I suspect that it's much easier to hear the audible pattern than to see the pattern of a blinking light.


the frequency range of pulsing audio is much higher than pulsing light thats for sure. sound was used a lot to calibrate analytical instruments in labs. throw a frequency divider a tiny amp and a tiny speaker and you could easily find if your frequency is stable, drifting...


Sure, I wasn't suggesting it was an improvement. I also assumed the actual pattern isn't important in a strict sense, just as an indication of when and frequency?

But of course, in general either could be the case. And perhaps don't want to wear earphones (or disturb colleagues) etc. only meant it as an additional similar idea.

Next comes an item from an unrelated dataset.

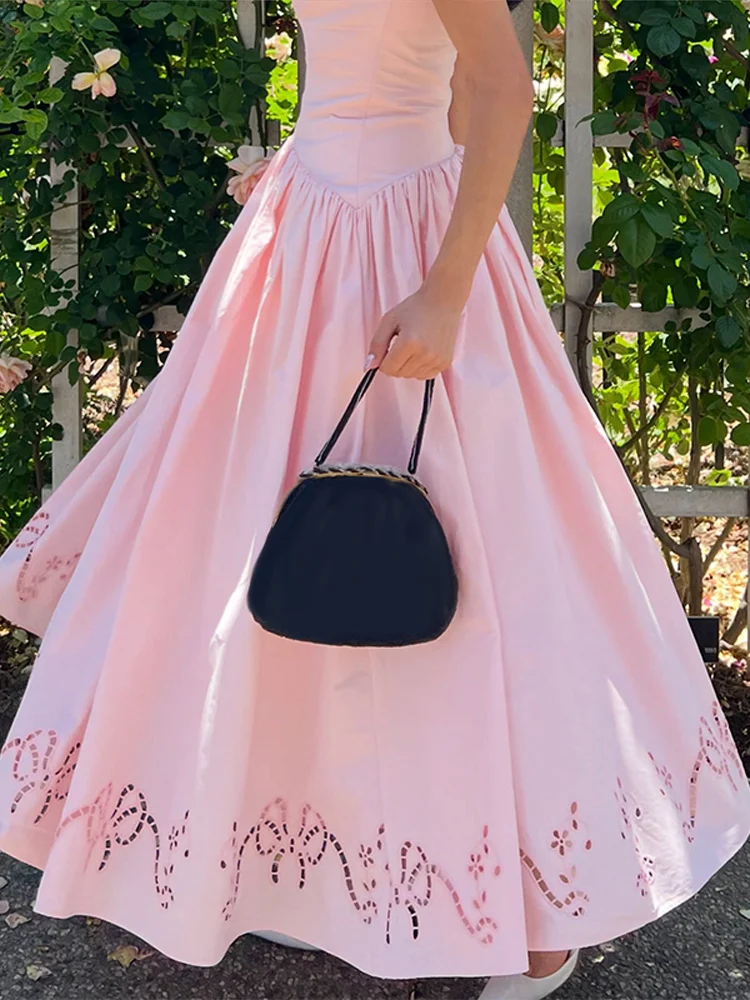 Schulterfreies, besticktes, tailliertes langes Kleid für Damen – Luxuriöses, weit ausgestelltes, schmales Party- und Abendkleid – Elegantes Damen-Vestido Longos – Detail 23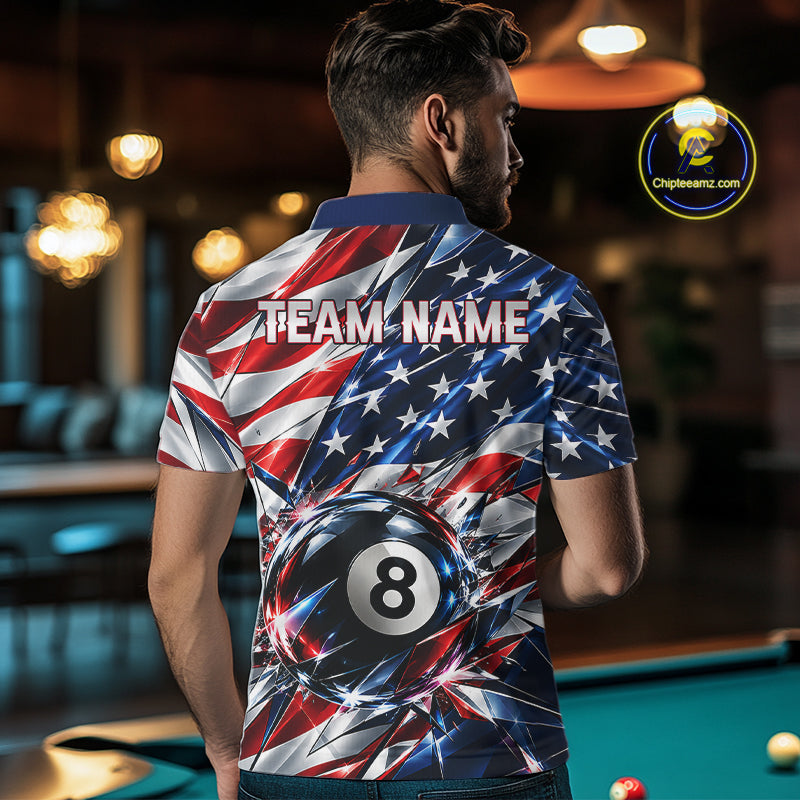 American Flag Broken Glass Billiard Shirt For Men Custom 8 Ball Patriotic Billiard Pool Team Jersey NYN4747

Waterfall display might work though, or coloured sequences give each function it’s own colour then draw the last stack as a pattern of colours, humans are really good at spotting anomalies in patterns, probably because tree,tree,tree,wolf,tree was useful to our ancestors.


This was common in home computers that could run a routine at every VBL (Vertical Blanking) interrupt, often chosen as the main timing 'tick' interrupt. Change the overscan border color for each part of the subroutine, and the timing gets reflected quite directly in the colored fringes that are displayed as the program executes.


A colleague 3D printed a stop light that showed red when Xcode was compiling and green when it was done.


Was it me??


Yes :) I almost forwarded the comment to you lolz!


you can have both and put a sound and/or light trigger to the logs with a grep and a tiny script.